Winchester 73 is a rare Western in which the guns aren't regarded so much as tools of the trade as they are accursed killing machines. Civil War veteran James Stewart rides into Dodge for a shooting contest, and duels with rival Stephen McNally over the top prize: a limited-edition Winchester rifle. Stewart wins the contest, but McNally later jumps him in his hotel room and makes off with the weapon. As the former tracks his quarry through the old country, the gun passes between characters entirely out for themselves: to an arms dealer prepared to sell his stock only for the right (inflated) price; to Indians who aren't the peaceful, put-upon sages of Western lore, but bloodthirsty warriors who've picked up everything they know about killing from the white man; to a groom prepared to leave new bride Shelley Winters behind him (a cynic might add: with good cause); to Dan Duryea as a giggling psychopath who uses his cohorts as human shields while making his escape; and finally - as we come full circle - back to Stewart as a sorrier man than before.

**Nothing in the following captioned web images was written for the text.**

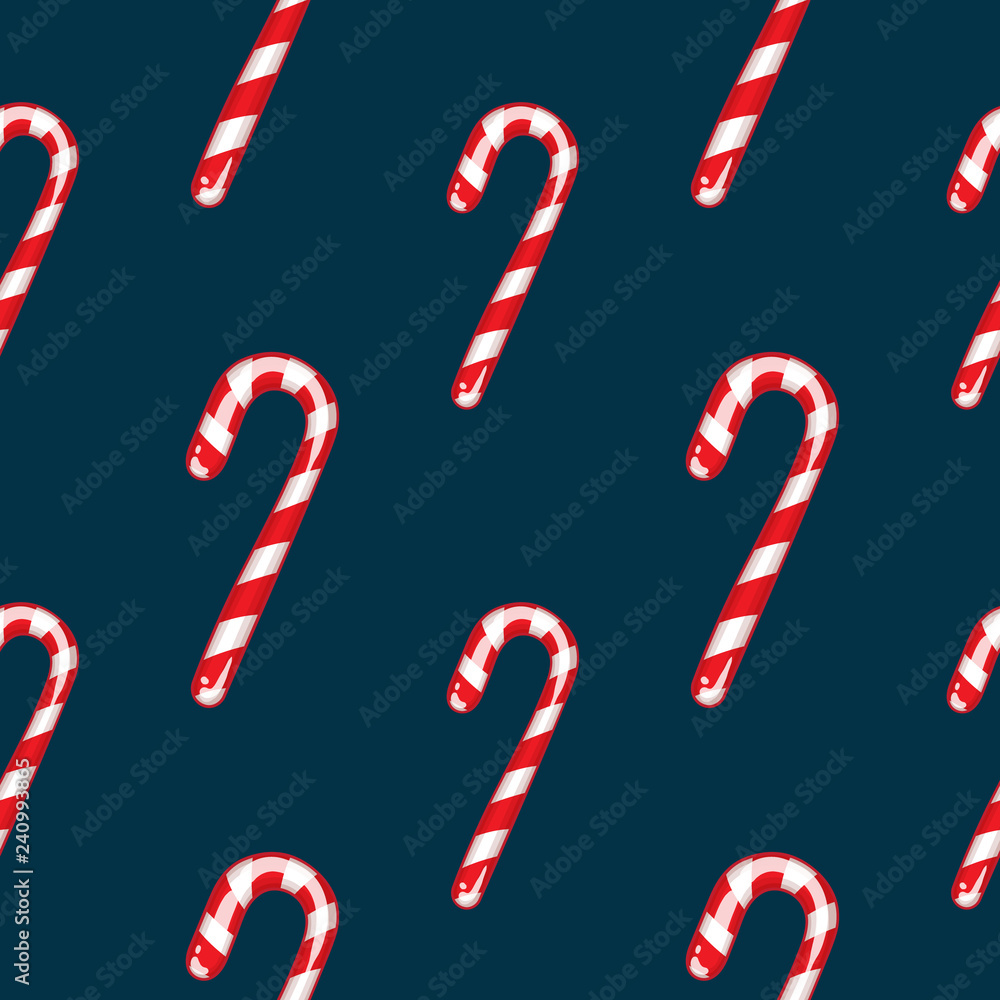 Seamless pattern of sweet Christmas candies. Vector illustration. Isolated on blue. 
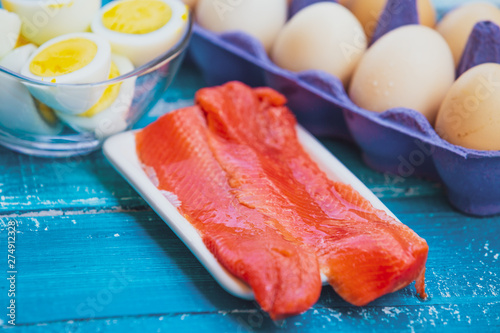 Keto diet eggs and fish. Low carb food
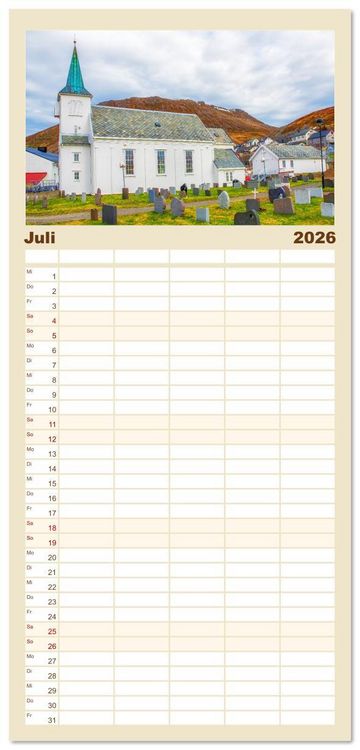 Produktbild: Familienplaner 2026 - Norwegens K&uuml;stenst&auml;dte mit 5 Spalten (Wandkalender, 21 x 45 cm) CALVENDO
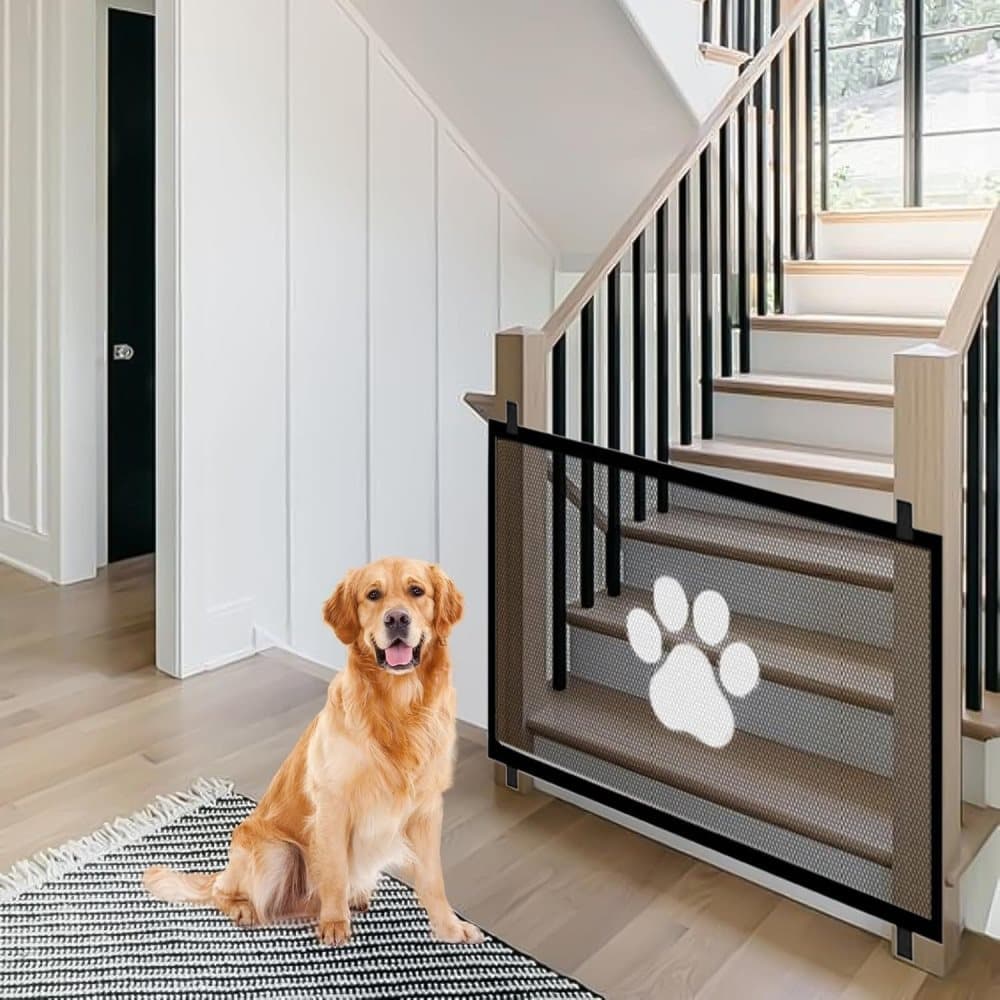 Portable Dog Gate Without Drilling, Self-adhesive Safety Gate with Paw Pattern, 110/180x78 cm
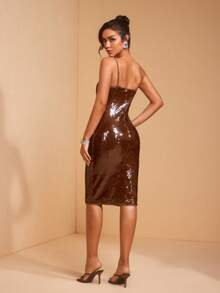 JIAN LASALA Solid Brown Sequin Spaghetti Strap Sleeveless Bodycon Women Midi Dress - Brown - View 2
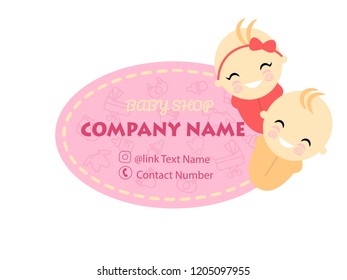 label design template for baby shop company. vector illustration
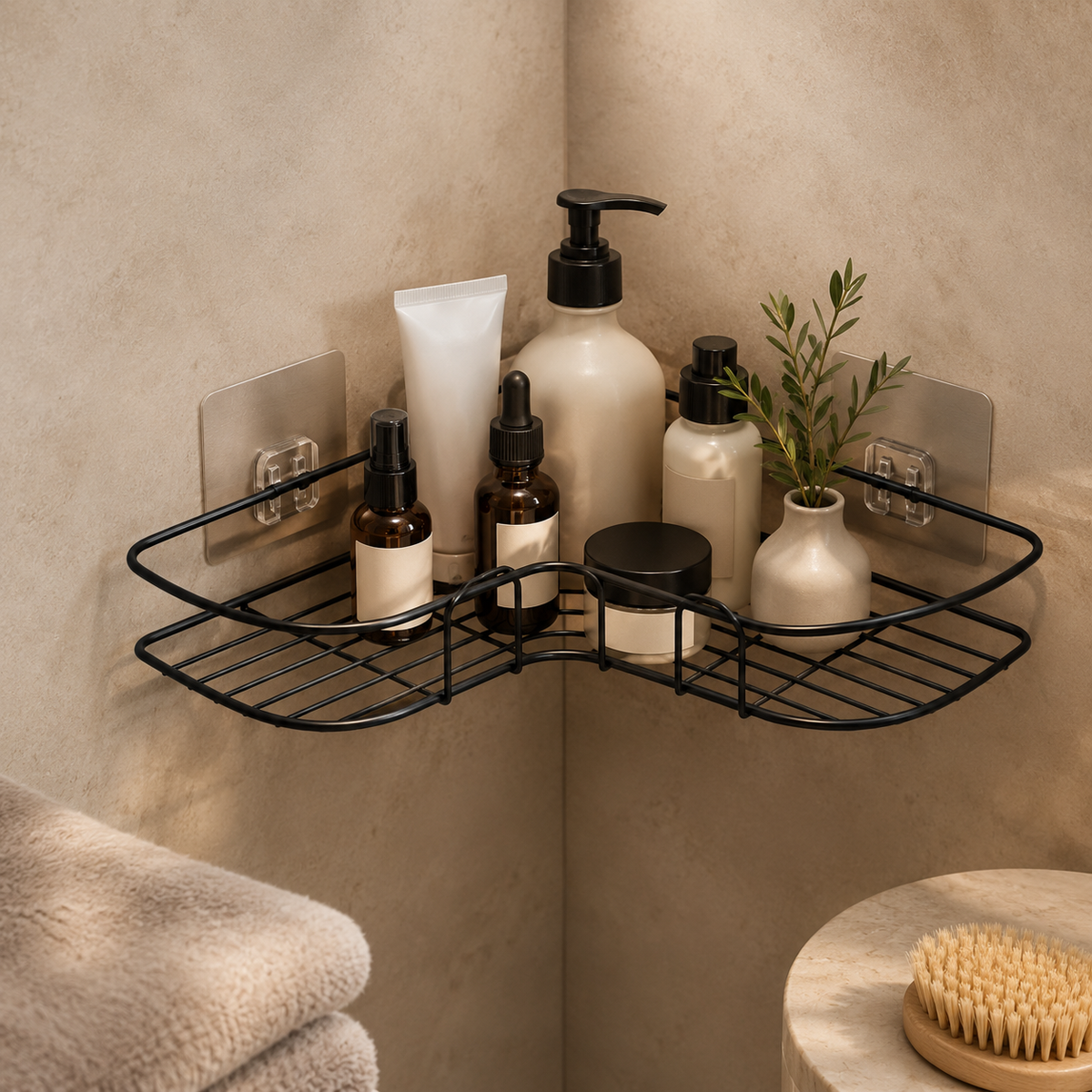 Rustproof Drill-Free Shower Shelf with Adhesive Mount for Bathroom Storage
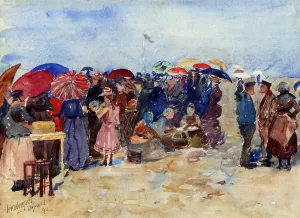 Treport Beach also known as A Very Sunny Day, Treport by Maurice Brazil Prendergast Oil Painting Reproduction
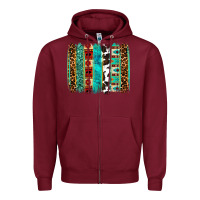 Burgundy western brushstroke Zipper Hoodie - OliviaCreatesArt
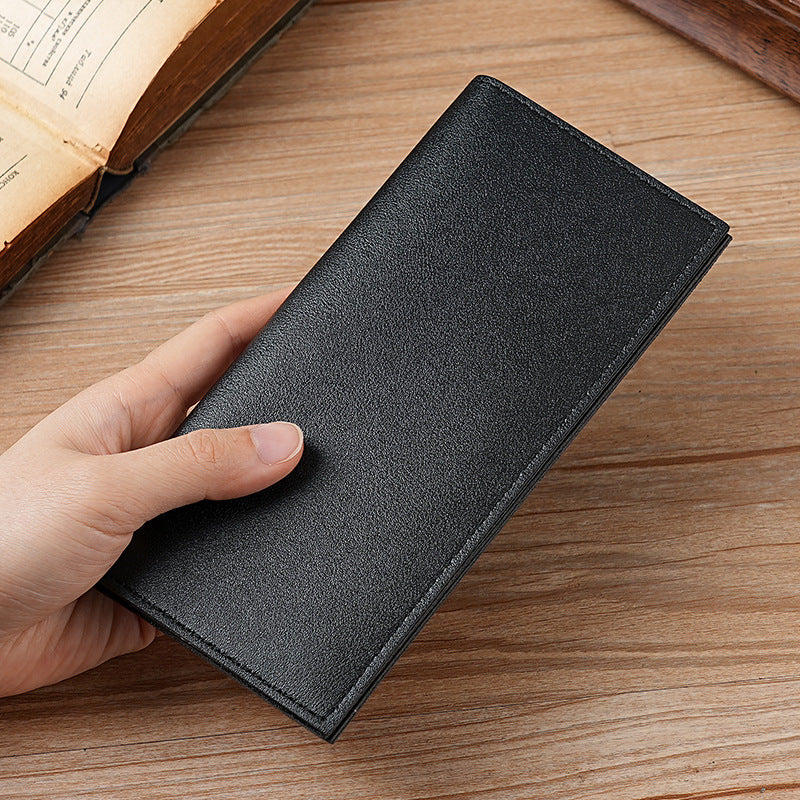 Popular fashion simple solid color wallet men's light and thin new long card bag multi-card position wallet card holder certificate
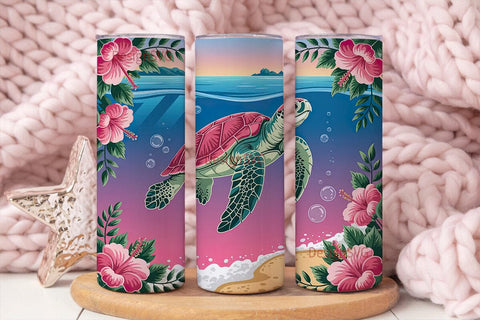 Tropical Sea Turtle 20oz Tumbler Wrap Sublimation DesignSVG 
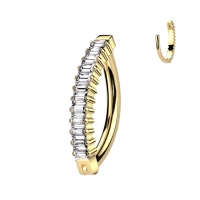 Piercing titanium Baguette hoop ovaal goud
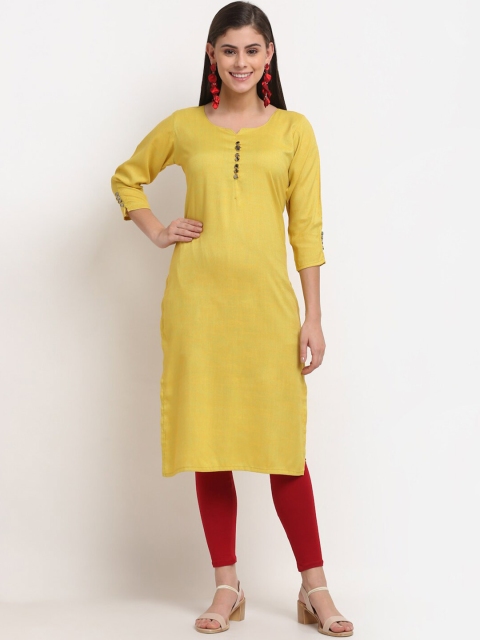 

GRACIT Women Yellow Solid Kurta
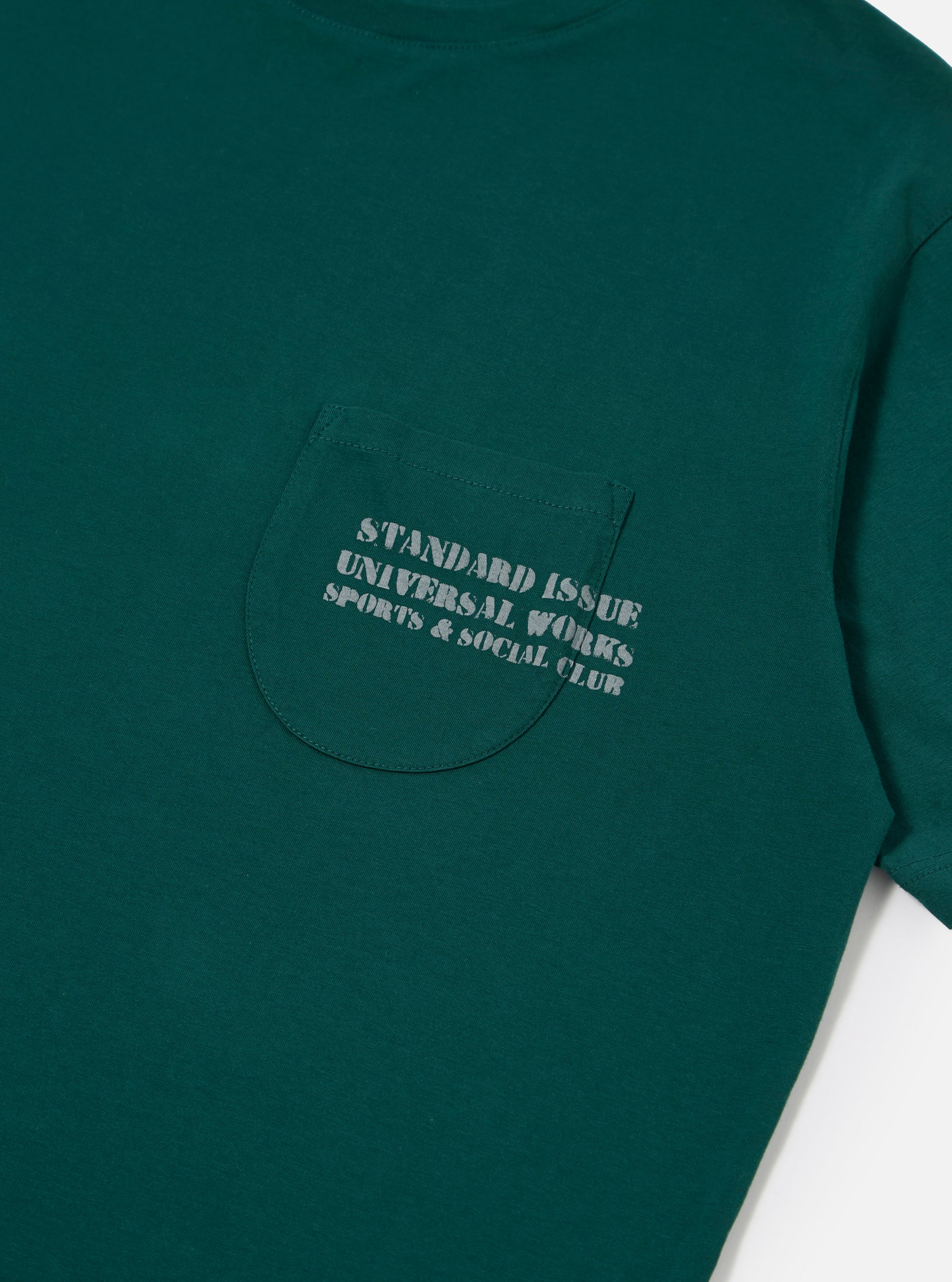 The Olive Organic Jersey Print Pocket Tee is shown from a rear angle as a flat lay against a plain white background. The image highlights the smooth olive green organic cotton fabric and the clean stitching along the shoulders and straight hemline.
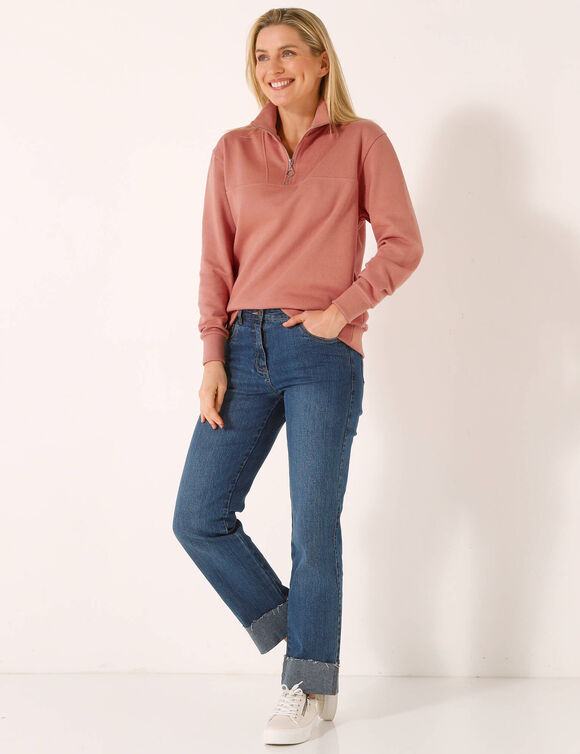 Sweat col montant zippé en molleton gratté (pêche)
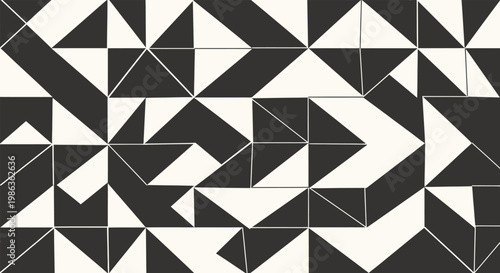 Geometric Abstract Pattern Black and White Triangles and Squares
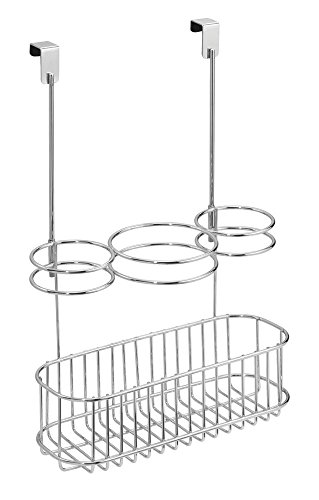 mDesign Fönhalter ohne Bohren – mit Gitterbox – ideal zur Fön Aufbewahrung und Lockenstab Aufbewahrung – einfach aufhängen & Ordnung schaffen - 3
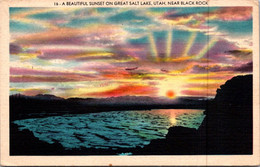 Utah Beautiful Sunset On Great Salt Lake 1952 - Salt Lake City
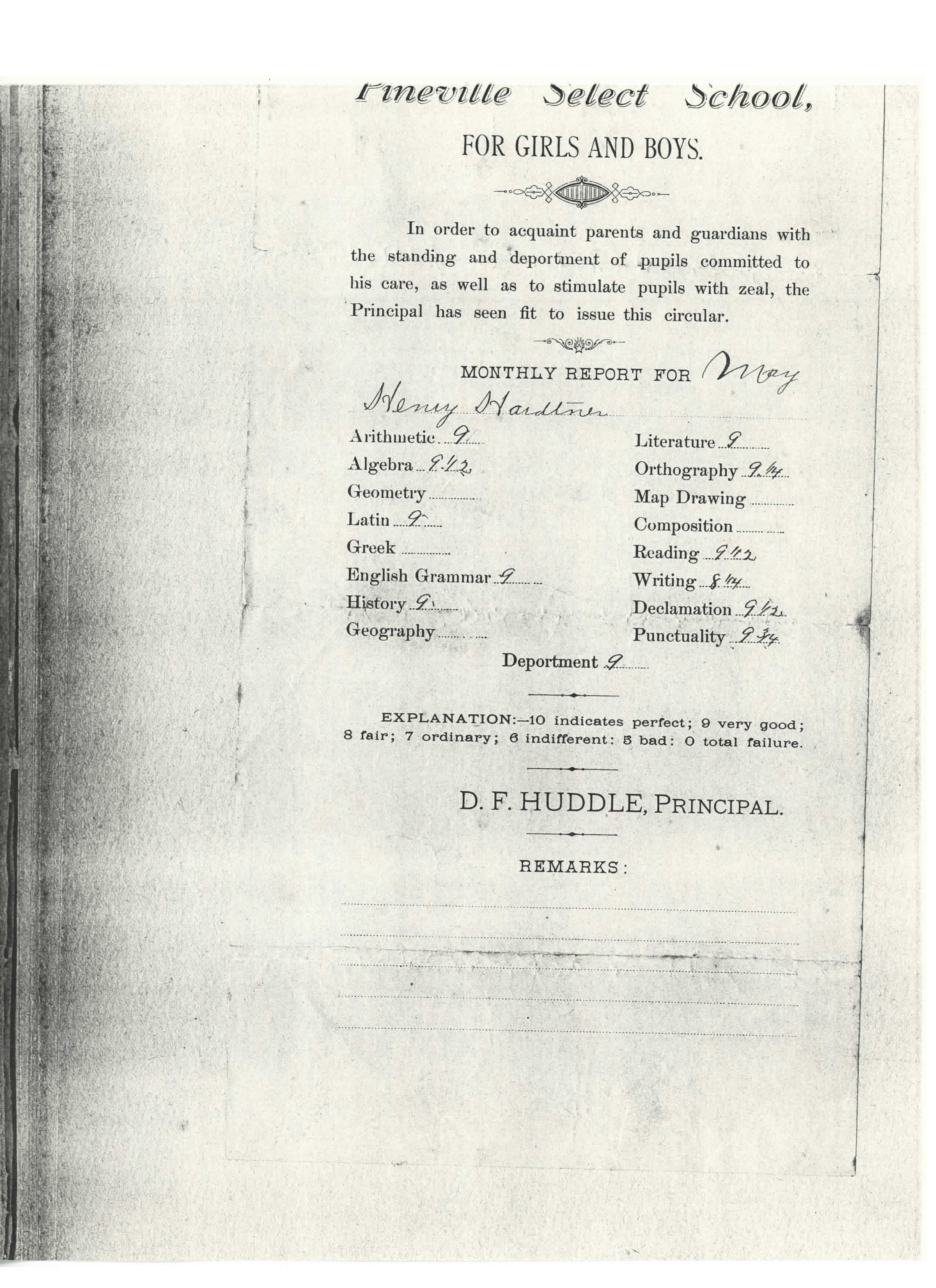 Henry Hardtner's progress report for the month of May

Innovative in its structure - Stewart, the nominal star, is off-screen following cold trails for long stretches - the film isn't shy about dropping names to remind us this venal West is the same world inhabited by such "heroes" as Wyatt Earp and General Custer. The director, Anthony Mann, keeps up the action to offset any preachiness, and to help us overlook how from the opening contest onwards - actually a tie that only properly gets resolved in an unusually protracted last-reel shootout - the film is constructed as a series of stalemates. Characters keep on firing until there are no bullets left in the chamber; stand-offs prevail until there are no men left standing. Even Stewart (whom Winters greets at one point with the immortal "hello, nice people") finally succumbs to this murderous madness, turning against his own brother, driven to pursue a long-standing grudge to the ends of the earth and back.
Winchester 73 is available on DVD through Universal Pictures.